La gouvernance de l'Antarctique est désormais parfaitement établie autour de la notion d'un territoire dédié à la science et à la paix avec pour support le Traité de Washington et l'action spectaculaire qui a été parfaitement commentée par Michel Rocard, le protocole de Madrid sur la protection de l'environnement en 1991. Quant à l'Arctique, c'est un océan d'une surface à peu près équivalente dont le seul point commun avec l'Antarctique est la couleur blanche quand l'eau de mer gèle. Certaines personnes confondent encore la glace des grandes calottes continentales et la glace de mer.

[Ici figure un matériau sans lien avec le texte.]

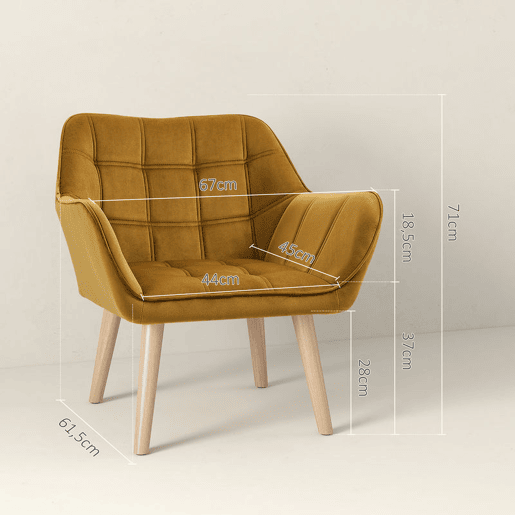 HOMCOM Poltrona Moderna de Sala, Cadeira de Leitura Estofada em Veludo com Pés de Madeira, Fácil de Montar, Poltrona Relax para Sala de Estar, Quarto e Varanda, Amarelo Mostarda HOMCOM Poltrona Moderna de Sala, Cadeira de Leitura Estofada em Veludo com Pés de Madeira, Fácil de Montar, Poltrona Relax para Sala de Estar, Quarto e Varanda, Amarelo Mostarda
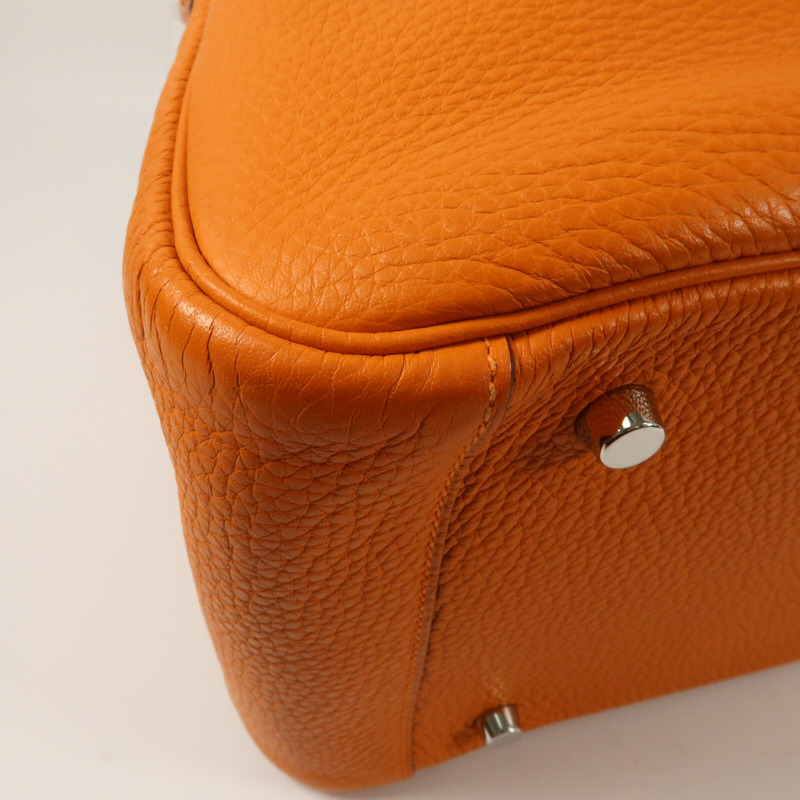 HERMES 【Hermes Fair】Clemence皮革Lindy 34銀扣手挽肩背兩用袋Orange-4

L'Arctique est par ailleurs entouré par des pays souverains, sur lesquels je ne reviendrai pas, et dispose d'une forme de gouvernance via le Conseil Arctique.
Cette gouvernance comprend des Etats membres, des participants permanents et j'ai quelque fierté à dire que depuis 2000, j'ai contribué avec l'appui de notre ministère des Affaires étrangères, à y faire adhérer la France en tant qu'observateur. Ce positionnement privilégié, dans le contexte actuel et s'il est entretenu, est extrêmement utile. Il est aussi possible de compléter la vision de la gouvernance de l'Arctique par l'existence d'une organisation équivalente à celle du SCAR à savoir le comité scientifique international de l'Arctique (IASC). A mon avis, il faut que la France participe activement à cette instance pour qu'un certain nombre de grands thèmes scientifiques se développent sous les hautes latitudes septentrionales. Enfin, il parait opportun de mentionner la déclaration récente d'Iqaluit qui permet aussi de recadrer cette gouvernance de l'Arctique.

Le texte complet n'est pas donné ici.